In one embodiment, the present disclosure provides a light fixture mount. In one embodiment, the light fixture mount comprises a first end to receive a light fixture, a cap coupled to the light fixture that is coupled to the first coupling end to form a first seal, and a second end to receive a collar that is coupled to a mounting member, wherein the collar comprises a sealed wire pass-through and a second seal is formed between the second end and the collar.
In another embodiment, the present disclosure provides a light fixture mount. In one embodiment, the light fixture mount comprises a first piece and a second piece. The first piece comprises a first end to receive a light fixture, a cap coupled to the light fixture and coupled to the first end to form a first seal that seals a wiring connection between the light fixture and a power source from a hazardous environment, and a second end. The second piece comprises a first end that is coupled to a mounting member and a second end that comprises a sealed wire pass-through, wherein the second end is coupled to the second end of the first piece to form a second seal.
In one embodiment, the present disclosure provides a mounting system for a hazardous location light fixture. The mounting system comprises a slip fitter base and a collar. The slip fitter base comprises a knuckle end that is coupled to a corresponding end of the hazardous location light fixture, wherein wiring of the hazardous location light fixture and a power source is connected in the knuckle end, a cap coupled to the knuckle end to form a first seal, and a bottom end. The collar comprises a pole receiving end that is coupled to a pole and a slip fitter base receiving end that is coupled to the bottom end of the slip fitter base to form a second seal, wherein the slip fitter base receiving end comprises a sealed wire-pass through.
The teaching of the present disclosure can be readily understood by considering the following detailed description in conjunction with the accompanying drawings, in which:
To facilitate understanding, identical reference numerals have been used, where possible, to designate identical elements that are common to the figures.
As discussed above, some manufacturing facilities may operate in a hazardous environment. These hazardous locations may generate harmful fumes and gases that may be ignitable. Light sources installed in these environments may require certain precautions to prevent explosions caused by sparks that could ignite the fumes or gases.
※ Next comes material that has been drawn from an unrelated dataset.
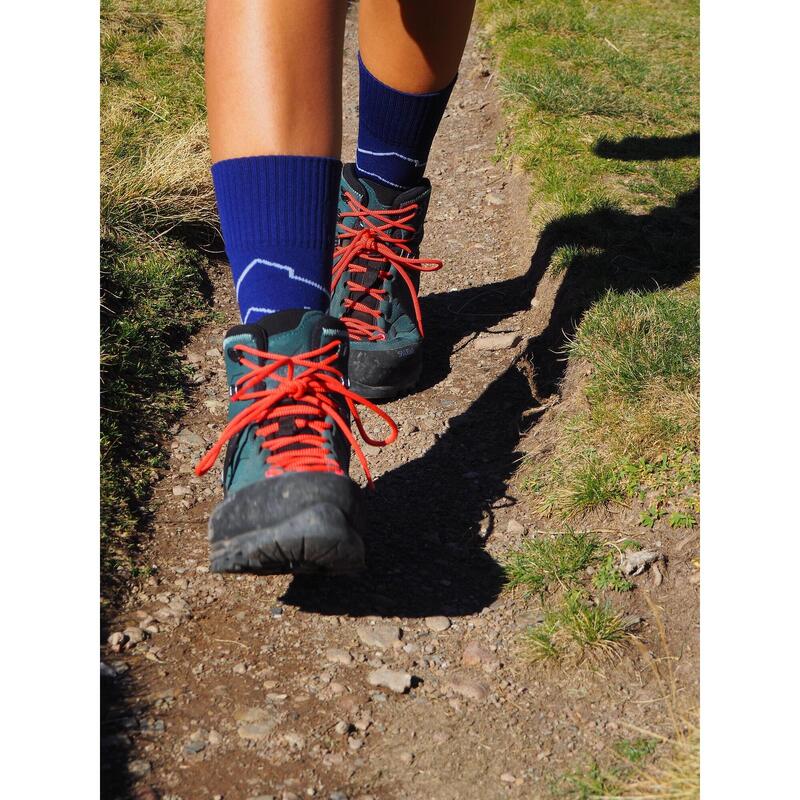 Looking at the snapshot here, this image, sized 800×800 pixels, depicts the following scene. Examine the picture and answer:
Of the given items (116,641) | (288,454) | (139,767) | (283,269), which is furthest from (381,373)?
(139,767)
Currently, wired light fixtures are mounted on poles or conduits that do not properly seal the connection between the wires from the conduit to the wires in the light fixture. For example, a single piece slip fitter base may be used that attempts to seal the connections between the wires, but does not seal the conduit and the single piece slip fitter base. For example, gases and fumes could still leak into the slip fitter base from below the single piece slip fitter base, down the conduit and back up into the single piece slip fitter base.
Embodiments of the present disclosure provide a light fixture mount for light fixtures in a hazardous location. For example, the apparatus has a seal between the apparatus and the conduit to prevent fumes or gases from entering a slip fitter base from a bottom of the apparatus. The present disclosure provides a two piece design that provides a true seal for mounting light fixtures in a hazardous location. In addition, the apparatus may include a slip fitting that allows for an adjustable movement of the light fixture after being mounted.
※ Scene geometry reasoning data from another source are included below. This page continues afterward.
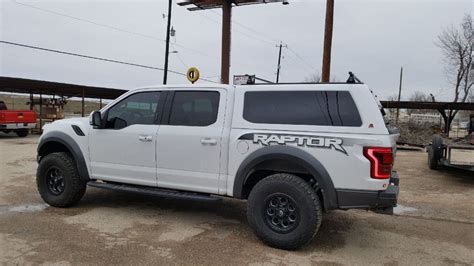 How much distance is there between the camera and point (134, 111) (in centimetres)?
569

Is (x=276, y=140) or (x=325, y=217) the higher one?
(x=276, y=140)

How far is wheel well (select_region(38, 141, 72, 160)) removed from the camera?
6152 mm

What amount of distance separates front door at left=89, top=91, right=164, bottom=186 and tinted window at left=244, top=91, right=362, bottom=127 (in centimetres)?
146

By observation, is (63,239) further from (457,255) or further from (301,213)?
(457,255)

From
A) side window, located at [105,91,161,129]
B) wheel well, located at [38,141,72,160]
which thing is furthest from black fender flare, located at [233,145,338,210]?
wheel well, located at [38,141,72,160]

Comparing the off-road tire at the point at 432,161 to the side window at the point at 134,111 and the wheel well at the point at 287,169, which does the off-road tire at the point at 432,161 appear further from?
the side window at the point at 134,111

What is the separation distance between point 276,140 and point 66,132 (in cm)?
338

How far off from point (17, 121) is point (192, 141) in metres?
17.5

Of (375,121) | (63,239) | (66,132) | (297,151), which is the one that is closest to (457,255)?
(375,121)

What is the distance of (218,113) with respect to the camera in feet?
16.6

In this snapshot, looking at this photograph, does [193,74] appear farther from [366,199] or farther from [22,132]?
[22,132]

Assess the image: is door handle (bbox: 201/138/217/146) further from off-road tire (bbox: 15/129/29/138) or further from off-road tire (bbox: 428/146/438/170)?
off-road tire (bbox: 15/129/29/138)

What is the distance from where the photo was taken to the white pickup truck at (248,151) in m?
4.30

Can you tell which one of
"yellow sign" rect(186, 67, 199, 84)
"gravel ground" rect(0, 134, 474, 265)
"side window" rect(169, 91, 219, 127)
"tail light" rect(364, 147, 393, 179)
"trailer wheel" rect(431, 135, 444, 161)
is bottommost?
"gravel ground" rect(0, 134, 474, 265)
In one embodiment, the light fixture mount 100 may include a first piece or a slip fitter base 102 and a second piece or a collar 104. In other words, the light fixture mount 100 of the present disclosure provides a two piece construction rather than previous light fixture mounts that provided a single piece construction. As a result, the light fixture mount 100 provides a superior seal at multiple points, as discussed below, as opposed to the inadequate sealing between the previous light fixture mount and a pipe, pole, or conduit that the previous light fixture mount was coupled to.
In one embodiment, the slip fitter base 102 and the collar 104 may be fabricated from a metal (e.g., steel, cast iron, and the like). However, it should be noted that the slip fitter base 102 and the collar 104 may be fabricated from any type of material (e.g., polymers and plastics) that are strong enough to support the weight of the light fixture 106.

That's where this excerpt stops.